El único desacompasamiento que se le puede atribuir a este disco precisamente responde al que alude su título, en lo que puede ser entendido como un discurrir a contracorriente existencial pero también en relación al idioma musical adoptado, acostumbrado históricamente a ser relegado a espacios escondidos al clamor popular. Fuera de ejercicios simbólicos, la materia de la que está construida este repertorio no expone quiebra alguna, su destino está firmemente diseñado con rumbo a buscar un impacto directo en el oyente. Aspiración kamikaze, conducida con control y sapiencia, encomendada a esa férrea aleación que la historia ha enhebrado entre el ruidoso galope del rock and roll y la actitud de envalentonado desgarro propia del punk.

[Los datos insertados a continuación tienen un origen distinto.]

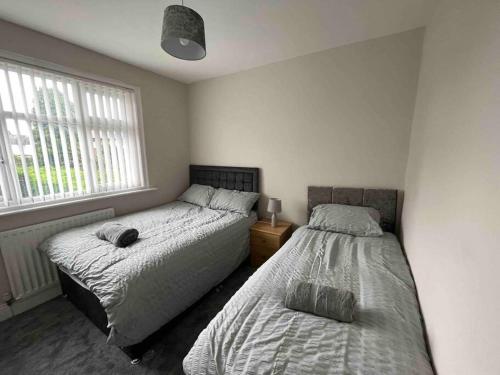 a bedroom with two beds and two windows at Modern Family home large garden free parking in Newcastle upon Tyne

Coordenadas transformadas en nombres propios que se presentan provenientes de latitudes casi opuestas, porque si las “hordas” escandinavas, encarnadas en Hellacopters o Turbonegro, imponen su flamante rastro en “Sinner”, la combustión prendida desde paisajes más cercanos, como los ubicados en la escena donostiarra de Buenavista, se extiende en ”Fire Up” o “Scream It Out Loud”. Aullidos eléctricos que haciendo honor al bautizo de “Hopeless Generation”, salen expedidos, teniendo como correa de transmisión a los Dictators, en forma de arraigados riffs que convierten su pegadizo estribillo en una mano tendida a esa generación condenada a un relato pleno de sueños abortados.

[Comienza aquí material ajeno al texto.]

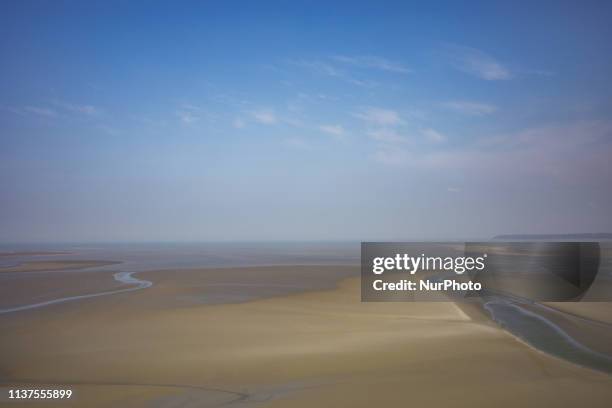 Mont Saint Michel, Normandy, France, March 28, 2019. The bay of Mont Saint Michel in the morning on a clear day from the abbey. Mont Saint Michel,...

Sabedores de que las peleas se ganan no solo con el envite repetitivo, sino con el manejo danzarín de los pies y un golpeo de procedencia cambiante, la banda rechaza regocijarse recorriendo el mismo camino recto, por muy bien que conozcan su morfología, para emprender curiosos el rastreo de sus aledaños. Un escenario en el que “Oin ez” aparece dictado en euskera, lenguaje espolvoreado a lo largo de sus trabajos, bajo un formato que merodea, en parte gracias a sus épicos punteos, el umbral entre el heavy y el hard rock. Recorrido por paisajes limítrofes que también puede ser adjudicado a la más aireada pero igualmente intensa “Mare”, que se aleja algo de las referencias temporales y genéricas dominantes para disfrutar de la expansión que supone tender puentes con otro tipo de bandas como Thin Lizzy o Slade, o un “Last Train Home” capaz de erigir un vínculo entre los Ramones del “Brain Drain” y los más actuales Japandroids. Ejes fluctuantes sobre los que gravita un mapa sonoro escrito con hierro fundido.
Sabedores de cuál es su identidad y sus innegociables certidumbres musicales, Nevadah sin embargo no aspira a ser retratado por una estática e inamovible instantánea, al contrario su singladura es el resultado de quien reconoce cuál es la meta codiciada pero que no renuncia a trazar su búsqueda de la forma más excitante posible. Una actitud de la que “Outta Time” es una clara consecuencia, un disco integrado por el mismo número de canciones que de pecados capitales y que, como ellos, representan esos condicionantes que entorpecen una apaciguada estabilidad pero que posibilitan entonar este bullicioso festín.